A set of ten math questions to evaluate the capabilities of AI systems to autonomously solve problems that arise naturally in the research process.
Frequently Asked Questions
What constitutes a solution?
We consider that an AI model has answered one of our questions if it can produce in an autonomous way a proof that conforms to the levels of rigor and scholarship prevailing in the mathematics literature. In particular, the AI should not rely on human input for any mathematical idea or content, or to help it isolate the core of the problem. Citations should include precise statement numbers and should either be to articles published in peer-reviewed journals or to arXiv preprints.
Will you be assessing the correctness of solutions generated by AI systems?
No. As we write in the preprint, "our question list should not be considered a benchmark in its current form." We will shortly initiate a future round with an assessment procedure in place in which we both verify that solutions are autonomously produced and remove data contamination issues. If you are interested in having your AI system participate by submitting solutions to problems in subsequent rounds, please contact us at contact@1stproof.org.
At the same time, we believe that the experimentation that is being generated during this round is valuable. We encourage the community to discuss the autonomy and quality of solutions that have been produced, based on the criteria specified in Q1. Such public discussions would ideally take place after February 13, in order to minimize the risk of data contamination for other community members who are experimenting with our questions.

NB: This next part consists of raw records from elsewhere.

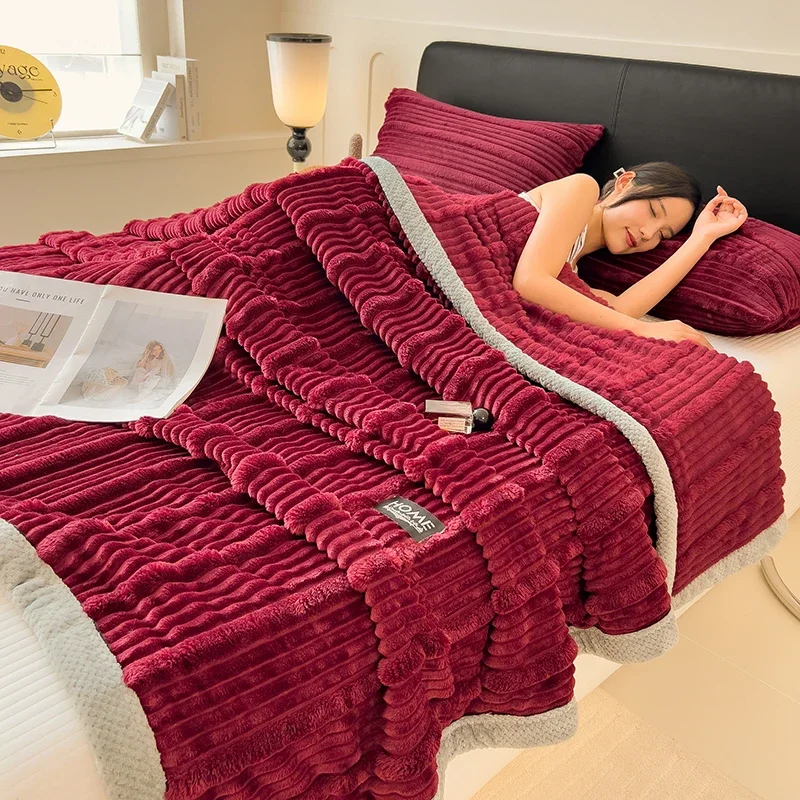 WASART New artificial rabbit plush warm blanket for beds autumn winter fluffy coral fleece sofa throw blanket thicken bed sheet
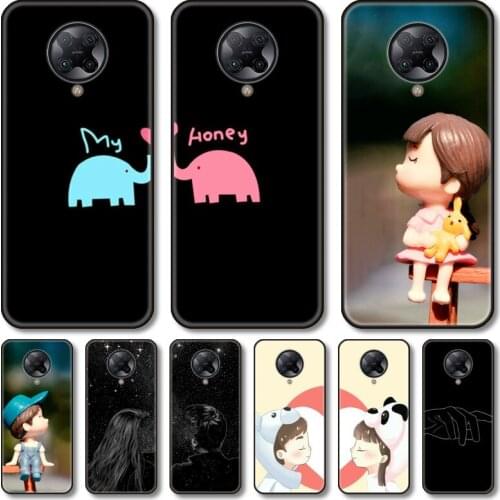 Lovely couple Phone Case For xiaomi M2 C3 X3 F2 Lite NFC 6 5 x Poco k30 Pro Anime Black Cover Silicone Back Pretty tpu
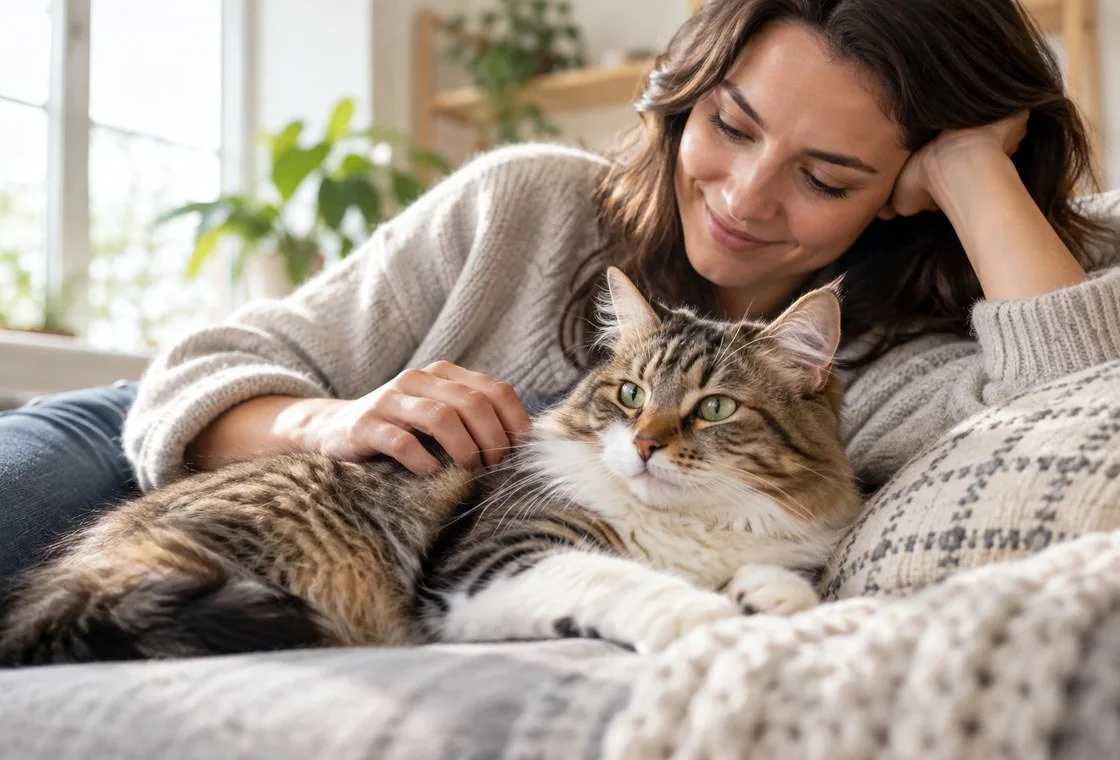 Owner resting beside a long-haired tabby cat on a blanket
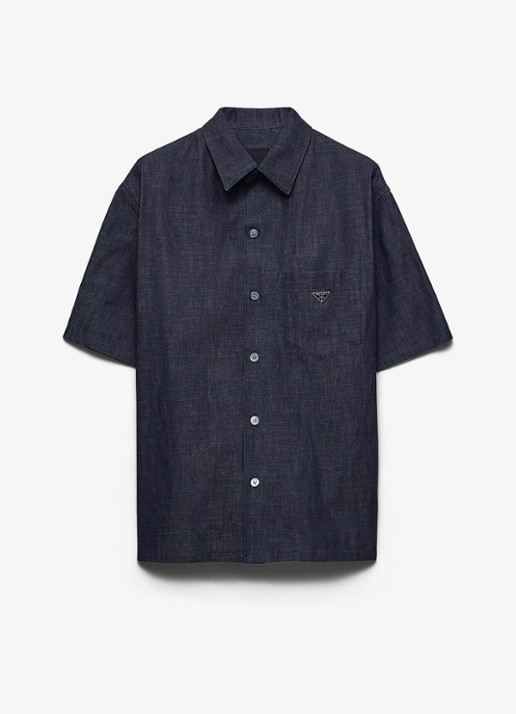 Prada Oversized fit overhemd van chambray met borstzak - voorkant 4 indigo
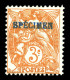 * N°109, 3c Blanc Surchargé 'SPECIMEN' En Bleu. SUP. R.R. (signé Scheller/certificat)  Qualité: * - 1900-29 Blanc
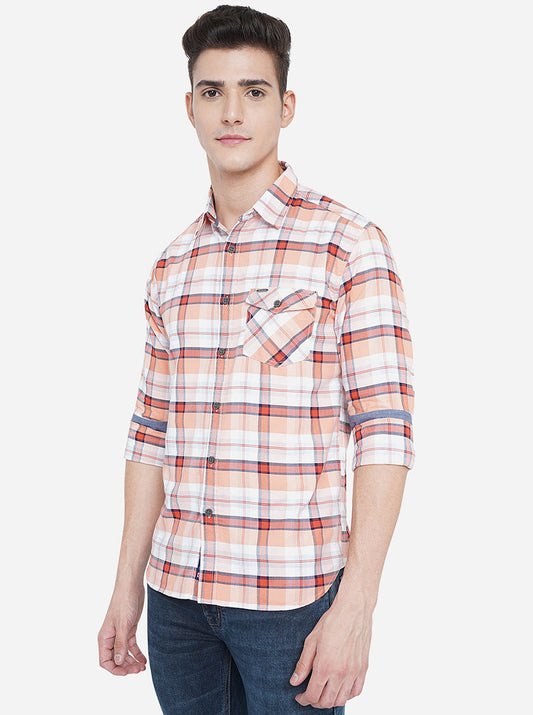 Salmon Peach Checked Slim Fit Semi Casual Shirt | Greenfibre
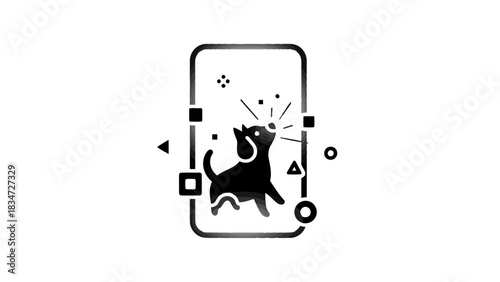Playful dog app icon with geometric shapes and sparkles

I have used a model to answer a question. What should I do?
Feel free to advertise that you have answered it on social media using the hashtag #1stProof.
You write that "the best publicly available AI systems struggle to answer many of our questions." Does that mean that they can answer some of them?
These questions illustrate the boundary of what state-of-the-art models are able to do. As such, it also includes questions that some models have been able to answer successfully.
Hasn't question 1 already been answered?
A short note with a very rough sketch of proof was posted on Hairer's website some years ago. Since we are asking for levels of scholarship equivalent to a mathematics research paper, a successful answer would involve filling in the gaps in the argument.